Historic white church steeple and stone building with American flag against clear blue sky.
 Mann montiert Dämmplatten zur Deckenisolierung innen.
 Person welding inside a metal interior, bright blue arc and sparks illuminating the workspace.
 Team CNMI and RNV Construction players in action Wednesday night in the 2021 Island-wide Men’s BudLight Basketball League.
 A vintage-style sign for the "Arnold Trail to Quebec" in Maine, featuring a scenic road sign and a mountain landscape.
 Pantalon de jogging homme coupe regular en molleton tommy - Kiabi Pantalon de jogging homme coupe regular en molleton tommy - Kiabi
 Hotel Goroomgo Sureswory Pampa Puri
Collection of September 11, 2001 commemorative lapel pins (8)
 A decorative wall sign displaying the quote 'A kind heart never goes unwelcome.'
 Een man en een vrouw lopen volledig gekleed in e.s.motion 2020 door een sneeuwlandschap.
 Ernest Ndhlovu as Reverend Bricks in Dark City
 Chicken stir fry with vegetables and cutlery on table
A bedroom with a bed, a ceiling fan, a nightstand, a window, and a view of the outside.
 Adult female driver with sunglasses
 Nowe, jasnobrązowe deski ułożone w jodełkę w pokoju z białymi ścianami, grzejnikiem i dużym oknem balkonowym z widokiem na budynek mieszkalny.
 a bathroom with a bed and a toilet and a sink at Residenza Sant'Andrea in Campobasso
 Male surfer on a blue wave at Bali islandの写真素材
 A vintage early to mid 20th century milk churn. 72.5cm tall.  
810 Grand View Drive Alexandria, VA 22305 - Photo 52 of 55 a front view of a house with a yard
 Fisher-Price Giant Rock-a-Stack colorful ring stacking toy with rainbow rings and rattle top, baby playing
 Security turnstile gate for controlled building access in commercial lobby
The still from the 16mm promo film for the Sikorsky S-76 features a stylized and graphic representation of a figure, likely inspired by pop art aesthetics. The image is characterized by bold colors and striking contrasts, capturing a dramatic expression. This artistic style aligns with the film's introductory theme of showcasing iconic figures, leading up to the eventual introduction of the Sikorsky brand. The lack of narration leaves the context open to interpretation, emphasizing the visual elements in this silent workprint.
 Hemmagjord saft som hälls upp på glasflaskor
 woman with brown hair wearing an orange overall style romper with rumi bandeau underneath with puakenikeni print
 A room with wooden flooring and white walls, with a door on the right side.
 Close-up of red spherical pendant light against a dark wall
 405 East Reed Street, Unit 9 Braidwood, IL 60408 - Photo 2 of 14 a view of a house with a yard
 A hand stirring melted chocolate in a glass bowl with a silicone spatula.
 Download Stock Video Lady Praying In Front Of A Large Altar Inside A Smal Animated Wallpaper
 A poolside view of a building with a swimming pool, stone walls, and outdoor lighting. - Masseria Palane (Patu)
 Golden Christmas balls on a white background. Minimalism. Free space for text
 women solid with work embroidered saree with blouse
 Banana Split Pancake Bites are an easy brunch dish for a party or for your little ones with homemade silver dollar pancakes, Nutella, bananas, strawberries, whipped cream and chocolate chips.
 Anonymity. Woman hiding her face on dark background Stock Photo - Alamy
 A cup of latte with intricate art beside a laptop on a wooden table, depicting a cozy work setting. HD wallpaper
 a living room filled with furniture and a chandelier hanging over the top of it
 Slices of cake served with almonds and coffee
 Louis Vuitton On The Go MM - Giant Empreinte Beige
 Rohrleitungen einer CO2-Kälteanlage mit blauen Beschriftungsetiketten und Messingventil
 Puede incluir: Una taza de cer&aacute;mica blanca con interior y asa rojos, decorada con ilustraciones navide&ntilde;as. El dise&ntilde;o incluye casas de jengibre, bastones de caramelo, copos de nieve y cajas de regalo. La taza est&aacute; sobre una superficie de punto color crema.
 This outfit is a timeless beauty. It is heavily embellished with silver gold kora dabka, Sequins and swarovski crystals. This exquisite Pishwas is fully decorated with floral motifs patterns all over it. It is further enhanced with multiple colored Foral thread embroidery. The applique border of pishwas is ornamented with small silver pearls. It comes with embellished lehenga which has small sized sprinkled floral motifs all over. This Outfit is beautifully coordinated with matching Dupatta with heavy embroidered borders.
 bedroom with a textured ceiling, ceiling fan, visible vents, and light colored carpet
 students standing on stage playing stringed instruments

ABOUT THIS EXERCISE: The required output is the full set of entries, reproduced verbatim.

SOLVED EXERCISE:
Historic white church steeple and stone building with American flag against clear blue sky.
 Mann montiert Dämmplatten zur Deckenisolierung innen.
 Person welding inside a metal interior, bright blue arc and sparks illuminating the workspace.
 Team CNMI and RNV Construction players in action Wednesday night in the 2021 Island-wide Men’s BudLight Basketball League.
 A vintage-style sign for the "Arnold Trail to Quebec" in Maine, featuring a scenic road sign and a mountain landscape.
 Pantalon de jogging homme coupe regular en molleton tommy - Kiabi Pantalon de jogging homme coupe regular en molleton tommy - Kiabi
 Hotel Goroomgo Sureswory Pampa Puri
Collection of September 11, 2001 commemorative lapel pins (8)
 A decorative wall sign displaying the quote 'A kind heart never goes unwelcome.'
 Een man en een vrouw lopen volledig gekleed in e.s.motion 2020 door een sneeuwlandschap.
 Ernest Ndhlovu as Reverend Bricks in Dark City
 Chicken stir fry with vegetables and cutlery on table
A bedroom with a bed, a ceiling fan, a nightstand, a window, and a view of the outside.
 Adult female driver with sunglasses
 Nowe, jasnobrązowe deski ułożone w jodełkę w pokoju z białymi ścianami, grzejnikiem i dużym oknem balkonowym z widokiem na budynek mieszkalny.
 a bathroom with a bed and a toilet and a sink at Residenza Sant'Andrea in Campobasso
 Male surfer on a blue wave at Bali islandの写真素材
 A vintage early to mid 20th century milk churn. 72.5cm tall.  
810 Grand View Drive Alexandria, VA 22305 - Photo 52 of 55 a front view of a house with a yard
 Fisher-Price Giant Rock-a-Stack colorful ring stacking toy with rainbow rings and rattle top, baby playing
 Security turnstile gate for controlled building access in commercial lobby
The still from the 16mm promo film for the Sikorsky S-76 features a stylized and graphic representation of a figure, likely inspired by pop art aesthetics. The image is characterized by bold colors and striking contrasts, capturing a dramatic expression. This artistic style aligns with the film's introductory theme of showcasing iconic figures, leading up to the eventual introduction of the Sikorsky brand. The lack of narration leaves the context open to interpretation, emphasizing the visual elements in this silent workprint.
 Hemmagjord saft som hälls upp på glasflaskor
 woman with brown hair wearing an orange overall style romper with rumi bandeau underneath with puakenikeni print
 A room with wooden flooring and white walls, with a door on the right side.
 Close-up of red spherical pendant light against a dark wall
 405 East Reed Street, Unit 9 Braidwood, IL 60408 - Photo 2 of 14 a view of a house with a yard
 A hand stirring melted chocolate in a glass bowl with a silicone spatula.
 Download Stock Video Lady Praying In Front Of A Large Altar Inside A Smal Animated Wallpaper
 A poolside view of a building with a swimming pool, stone walls, and outdoor lighting. - Masseria Palane (Patu)
 Golden Christmas balls on a white background. Minimalism. Free space for text
 women solid with work embroidered saree with blouse
 Banana Split Pancake Bites are an easy brunch dish for a party or for your little ones with homemade silver dollar pancakes, Nutella, bananas, strawberries, whipped cream and chocolate chips.
 Anonymity. Woman hiding her face on dark background Stock Photo - Alamy
 A cup of latte with intricate art beside a laptop on a wooden table, depicting a cozy work setting. HD wallpaper
 a living room filled with furniture and a chandelier hanging over the top of it
 Slices of cake served with almonds and coffee
 Louis Vuitton On The Go MM - Giant Empreinte Beige
 Rohrleitungen einer CO2-Kälteanlage mit blauen Beschriftungsetiketten und Messingventil
 Puede incluir: Una taza de cer&aacute;mica blanca con interior y asa rojos, decorada con ilustraciones navide&ntilde;as. El dise&ntilde;o incluye casas de jengibre, bastones de caramelo, copos de nieve y cajas de regalo. La taza est&aacute; sobre una superficie de punto color crema.
 This outfit is a timeless beauty. It is heavily embellished with silver gold kora dabka, Sequins and swarovski crystals. This exquisite Pishwas is fully decorated with floral motifs patterns all over it. It is further enhanced with multiple colored Foral thread embroidery. The applique border of pishwas is ornamented with small silver pearls. It comes with embellished lehenga which has small sized sprinkled floral motifs all over. This Outfit is beautifully coordinated with matching Dupatta with heavy embroidered borders.
 bedroom with a textured ceiling, ceiling fan, visible vents, and light colored carpet
 students standing on stage playing stringed instruments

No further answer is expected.